For a young backend system, the practical approach is usually:

keep important low-volume paths unsampled at first
sample high-volume success traffic when needed
verify that errors, slow traces, and rare job failures remain visible
document what sampling means before using trace counts as metrics

Metrics should be the source of truth for counts and rates. Sampled traces are evidence paths, not a complete statistical record unless the sampling design supports that use.

Review Instrumentation Like Production Code

Instrumentation changes the debugging contract of the system. Review it with the same seriousness as API or database changes.

Use this checklist:

Does the root span name describe a stable operation, not a raw URL?
Do child spans cover the important dependency boundaries?
Does context survive HTTP, queue, worker, and callback boundaries?
Are attributes stable, safe, and low-cardinality?
Are service name, version, and environment explicit?
Are errors recorded on spans with enough detail to triage?
Do metrics show whether a trace represents a broader pattern?
Do logs include trace and span identifiers where useful?
Is sampling understood by the team?
Can an engineer debug one real production path faster than before?
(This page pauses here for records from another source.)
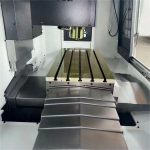 Used AGMA BA-10 Vertical Machining Center For Sale - imagine 2
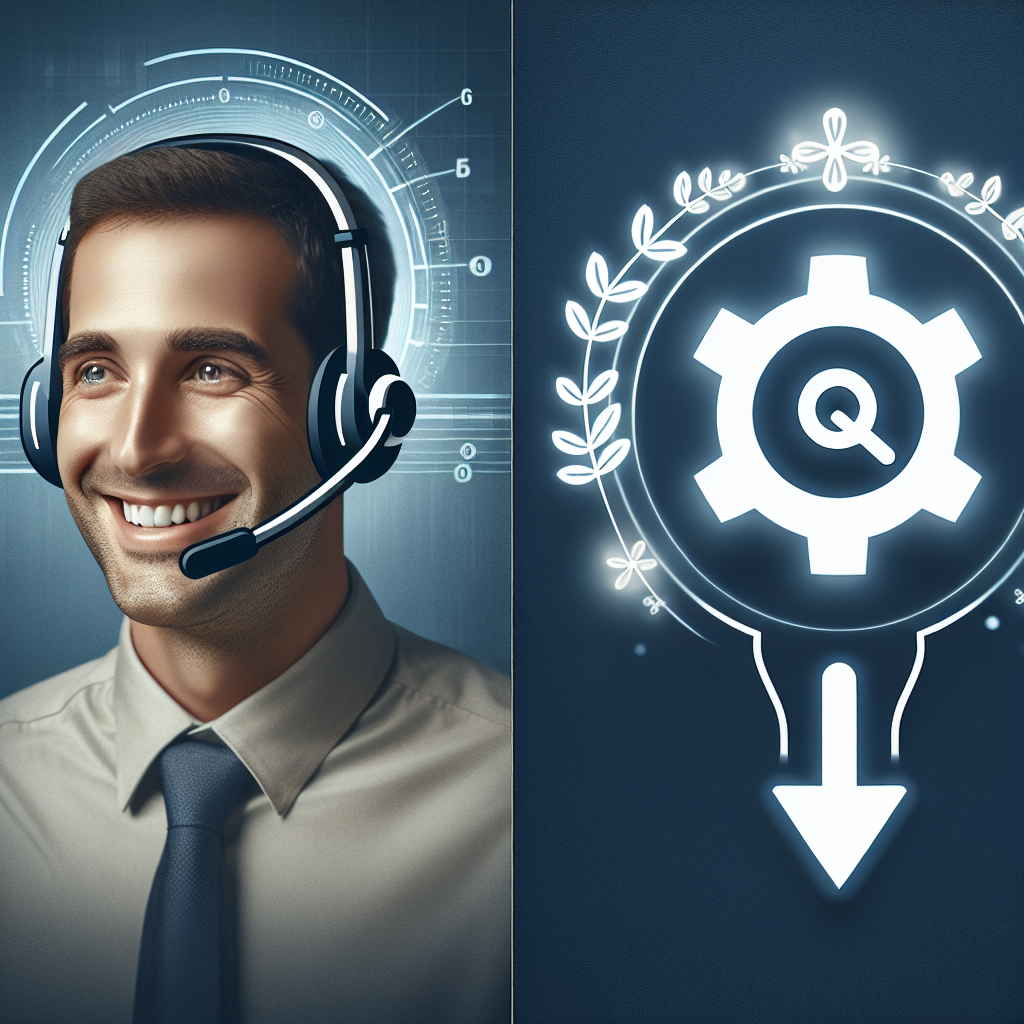 Customer Support Icon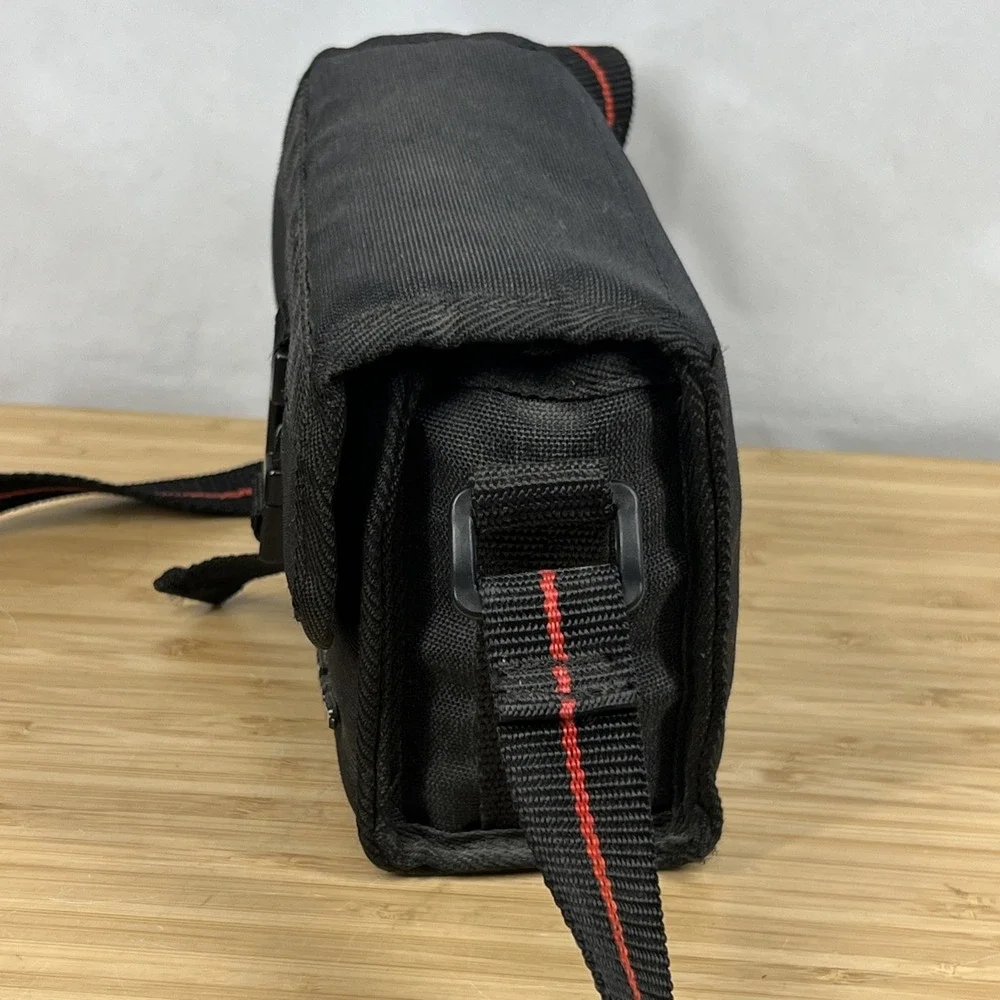 Nikon vintage black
The last question is the real acceptance test.

If a rollout creates beautiful dashboards but does not shorten an actual investigation, keep the rollout narrow and improve the evidence path.

Common OpenTelemetry Mistakes

Instrumenting internals before boundaries

Function-level spans are rarely the first thing a backend team needs. Start with request, dependency, database, queue, and worker boundaries.

Using high-cardinality attributes casually

Raw user input, request IDs, emails, and unique payload values can make telemetry expensive and hard to query. Put them in logs only when safe and necessary.

Letting async work start a new unrelated trace

If queue workers, outbox relays, and scheduled callbacks lose context, traces will miss the hardest part of many incidents.

Treating traces as metrics

Sampled traces are not automatically reliable for rates. Use metrics for counts, saturation, and trends.

Forgetting that telemetry has failure modes

Exporters can block, collectors can fall behind, backend quotas can throttle ingestion, and verbose instrumentation can add overhead. The telemetry path needs its own operational thinking.

Production Rollout Plan

A reasonable first rollout looks like this:

Pick one production path with real debugging pain.
Define the questions telemetry must answer.
Enable auto-instrumentation for inbound HTTP, outbound HTTP, database clients, and supported messaging clients.
Add manual spans around the business operation.
Set resource attributes: service, version, environment.
Standardize the first attribute vocabulary.
Propagate context across the first async boundary.
Add a small metric set for latency, failures, retries, and queue lag.
Correlate logs with trace and span IDs.
Use the telemetry during a real incident, bug investigation, or load test.
Fix the evidence path before expanding to the next workflow.

This keeps OpenTelemetry tied to production understanding instead of tool adoption.

Final Takeaway

OpenTelemetry is most valuable when it changes backend debugging from reconstruction to navigation.

A good rollout does not ask, "Do we have traces?" It asks whether a slow request, failed job, retry storm, or cross-service incident is easier to follow than it was before.

That requires more than installing the SDK. It requires stable operation names, useful attributes, context propagation across async boundaries, metrics that explain scale, logs that correlate with spans, a collector/export path the team can operate, and sampling decisions that preserve the failures engineers actually need to inspect.

When those pieces are in place, OpenTelemetry becomes less like an observability checkbox and more like a practical map of how backend work moves through the system.